Mar
17

Teori Evolusi & Pandangan Kasyaf

Setelah membaca dan menyimak beberapa sajian yang ada di tetangga sebelah tentang pembahasan teori evolusi beserta semua sanggahan dan dukungannya, tafakuran kali ini mungkin merupakan bahasan ini sudah cukup lama, tetapi bukan berarti tema-nya menjadi basi. Seperti kita ketahui, bahwa setiap pencarian/penelitian ilmiah tujuannya hanyalah sekedar untuk memuaskan akal manusia. Dibandingkan dengan sebuah pencarian spiritual, dimana tujuan yang dikehendaki adalah untuk menemukan “asal mula kejadian”.

Bagi kalangan beriman (Islam) bahwa teori yang menyimpulkan bahwa spesies yang bernama manusia mengalami proses evolusi, tentu sangat bertentangan dengan Al-Quran dan Al-Hadits. Landasan dalil dan hujah sudah cukup banyak kita baca dan pelajari. Nabi Adam dan Siti Hawa adalah dua sosok manusia sempurna yang sangat tampan dan cantik. Bagaimana bisa dikatakan sebagai moyang manusia yang kemudian ber-evolusi? Naudzubillah min dzalik!

Disebutkan pula bahwa dalam salah satu mata rantai evolusi tersebut terdapat “missing link” / ”mata rantai yang terputus”. Apakah itu? Keimanan! Karena semua ini bisa dijawab dengan iman. Seandainya Darwin termasuk seorang cerdas yang beriman kepada-Nya, pasti tidak akan muncul teori seperti itu. Keimanan yang bagaimana sih? Rata-rata muslim (orang Islam) mengaku beriman. Tetapi kenapa ada “istilah” orang mukmin.Artinya tidak setiap orang muslim adalah orang mukmin.Lantas, bagaimanakah keimanan seorang mukmin itu?
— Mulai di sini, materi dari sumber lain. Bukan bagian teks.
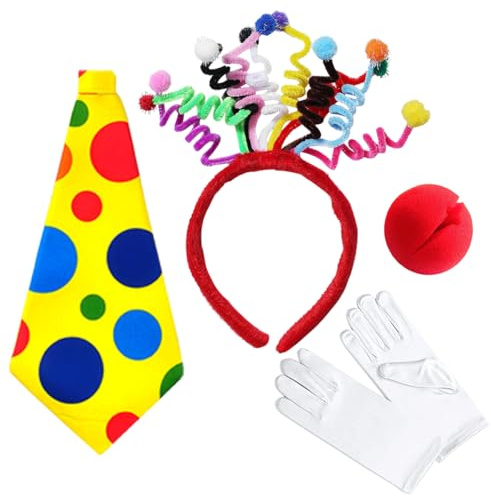 XINDY Clown Kostüm Zubehör, Clown Haarreif + Clownsnase + Bunte Krawatte + Weiße Handschuhe, Halloween Karneval Kostüme Faschingskostüme Damen Herren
Tetapi kami maklum dengan hal itu karena keterbatasan akal manusia yang tidak sampai pada rahasia ciptaan Tuhan yang luar biasa ini. Apakah kalangan ilmuwan ataupun kalangan alim-ulama pada umumnya mampu memberikan jawaban yang memuaskan? Tidak! Kenapa? Padahal secara keimanan sesuai kadar yang dimiliki, kesalahan teori itu jelas sekali…!, tetapi tidak bisa mereka buktikan secara meyakinkan. Jawabannya adalah karena tingkat keimanan kebanyakan manusia jaman sekarang sangat terbatas. Betapa sangat banyak “alim-ulama dunia”, secara ilmu syariat mereka menguasai berbagai macam kitab beserta perangkat pendukungnya, tetapi perilaku mereka  nuwun sewu tidak mencerminkan ilmu yang mereka kuasai. Tentu saja untuk menjelaskan masalah seperti ini mereka tidak akan mampu karena mereka tidak sampai kepada tingkatan “alim-ulama akhirat”.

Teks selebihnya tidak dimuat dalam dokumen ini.